* [Aim of the exercise]
In the entries below, the lines from the one with "هيكل زراعي • صوب بني ركاب • ٢٠٠م" through the one with "Roter Sauerampfer 5er Pack" are to be copied exactly; both ends count.

○ ○ ○ ○

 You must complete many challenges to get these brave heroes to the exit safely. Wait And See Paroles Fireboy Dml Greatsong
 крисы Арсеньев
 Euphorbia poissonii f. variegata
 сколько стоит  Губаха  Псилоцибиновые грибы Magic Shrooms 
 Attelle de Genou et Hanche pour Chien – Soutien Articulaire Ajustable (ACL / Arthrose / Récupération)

○ ○ ○ ○

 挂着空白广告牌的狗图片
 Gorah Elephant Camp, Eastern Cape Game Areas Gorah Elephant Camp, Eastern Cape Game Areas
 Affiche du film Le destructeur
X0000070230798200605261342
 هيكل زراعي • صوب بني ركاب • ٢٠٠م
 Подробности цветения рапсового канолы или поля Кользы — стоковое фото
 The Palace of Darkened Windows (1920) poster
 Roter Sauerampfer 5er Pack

○ ○ ○ ○

* [Task answer]
 هيكل زراعي • صوب بني ركاب • ٢٠٠م
 Подробности цветения рапсового канолы или поля Кользы — стоковое фото
 The Palace of Darkened Windows (1920) poster
 Roter Sauerampfer 5er Pack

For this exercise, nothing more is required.